(83r) Synthesis of Carbon Nanofibers on Silicon Substrates Using Sol-Gel Prepared Porous Alumina Layer
AIChE Spring Meeting and Global Congress on Process Safety
2008
2008 Spring Meeting & 4th Global Congress on Process Safety
IMRET-10: 10th International Conference on Microreaction Technology
Micro Process Engineering Poster Session
Monday, April 7, 2008 - 5:30pm to 6:30pm
The main goal of one of the projects within our microreactor-research-program is to develop a microstructured multiphase microreactor, viz. a gas-liquid contactor with specially modified catalytic coatings on its microstructured internals, for studying three-phase (G-L-S) reactions. The microreactor will be fabricated using micromachining (cleanroom) technologies in silicon and vitreous materials (i.e., fused silica and/or Borofloat glass).

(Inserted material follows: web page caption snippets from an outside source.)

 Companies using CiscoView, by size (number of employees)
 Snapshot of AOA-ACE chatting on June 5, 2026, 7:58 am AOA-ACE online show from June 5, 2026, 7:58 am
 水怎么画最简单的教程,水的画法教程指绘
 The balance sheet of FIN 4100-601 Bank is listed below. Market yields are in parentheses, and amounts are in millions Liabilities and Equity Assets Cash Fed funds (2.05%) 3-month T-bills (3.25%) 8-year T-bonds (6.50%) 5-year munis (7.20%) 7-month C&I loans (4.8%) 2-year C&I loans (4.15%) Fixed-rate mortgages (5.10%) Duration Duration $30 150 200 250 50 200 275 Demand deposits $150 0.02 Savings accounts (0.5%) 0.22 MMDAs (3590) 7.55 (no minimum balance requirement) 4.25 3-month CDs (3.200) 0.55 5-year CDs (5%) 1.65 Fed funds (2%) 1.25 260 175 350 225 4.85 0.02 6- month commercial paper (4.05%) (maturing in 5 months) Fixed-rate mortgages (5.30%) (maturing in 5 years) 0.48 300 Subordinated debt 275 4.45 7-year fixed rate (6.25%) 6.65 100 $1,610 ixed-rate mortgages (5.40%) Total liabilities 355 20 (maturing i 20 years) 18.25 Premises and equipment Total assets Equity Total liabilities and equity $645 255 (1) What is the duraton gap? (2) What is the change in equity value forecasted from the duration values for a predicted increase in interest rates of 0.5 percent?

Currently, there is a trend to use structured catalyst supports, i.e., that the catalyst is deposited on a rigid, orderly arranged support. Catalytic support layers based on Carbon Nano Fibers (CNFs) offer a novel option to facilitate this task [1, 3]. With their inherent high surface area-to-volume ratio, CNF's provide more catalytic surface area [1, 2], thereby obtaining sufficient activity per unit volume of catalyst, while maintaining a low fluidic resistance (which is important in microfluidic devices). Additionally, diameter and length of the fibers and hence the bulk density of the CNF layer, can be manipulated to tailor porosity and overcome tortuosity problems. This also eliminates the internal diffusion limitations by preventing concentration gradients inside the CNF layer.
The attachment of CNFs to the flat surface (silicon or glass substrates) upon which they are grown is extremely important. Enhanced mechanical stability of CNFs inside microchannels in actual fluid flow conditions can directly address the critical issues like channel blocking due to loose CNFs as well as loss of catalytic activity over the period of operation.
Various approaches can be utilized to achieve improved mechanical stability of CNFs upon flat surfaces like silicon substrates. One of them is to utilize a porous ceramic layer coating to deposit the growth catalyst (e.g. nickel) necessary for growing CNFs. Figure 1 schematically illustrates the cross sectional view of microchannel filled with CNFs anchored to the channel walls using porous alumina layer.
A sol-gel dip-coating method [4, 5] was utilized to prepare alumina layer on silicon substrates using a boehmite sol. During dip-coating procedure various parameters viz. sol viscosity, dwell-time and withdrawal-speed as well as calcination temprature were monitored to obtain stable and uniform mesoporous alumina layer on silicon substrates. Prior to dip coating the silicon substrates were pretreated thermally (at 1100 oC for 15 h.) in stagnant air to vary the roughness via producing oxide layer (of about 600 nm) and investigate its effect on the mechanical stability of the deposited alumina layer compared to untreated smooth surface of silicon substrate. Further nickel, as a CNF growth catalyst, was deposited by impregnation on the stable alumina layer using nickel nitrate solution. Following calcination and reduction (with H2) pretreatment, these alumina coated and nickel impregnated silicon substrates were subjected to synthesize CNF via catalytic vapor deposition (CVD) process using hydrocarbon gas (e.g. ethylene). The CNFs were grown with diameters in the range of few nanometers to 50 nm maintaining the underlying alumina layer intact. HR-SEM images shown in figure 2 illustrate different views involving porous alumina layer and grown CNFs.
It is expected that the mesoporous alumina layer deposited on silicon substrates can enhance the attachment and thus the mechanical stability of the CNFs to the walls of microchannels. This will further facilitate to realize the ultimate goal of designing smart and efficient multi-phase microreactors using CNFs as structured catalyst support.
References:
[1] M.-J. Ledoux , C. Pham-Huu, Catal. Today 102-103 (2005) 2.
[2] M. L. Toebes, F. F. Prinsloo, J. H. Bitter, A. J. van Dillen, K. P. de Jong, J. Catal. 214 (2003) 78.
[3] J. K. Chinthaginjala, K. Seshan, L. Lefferts, Ind. Eng. Chem. Res. 46 (2007) 3968.
[4] C. J. Brinker, A. J. Hurd, J. Phys. III France 4 (1994) 1231.
[5] J. ?W. Lee, C. -W. Won, B. ?S. Chun, H. Y. Sohn, J. Mater. Res. 8-12 (1993) 3151.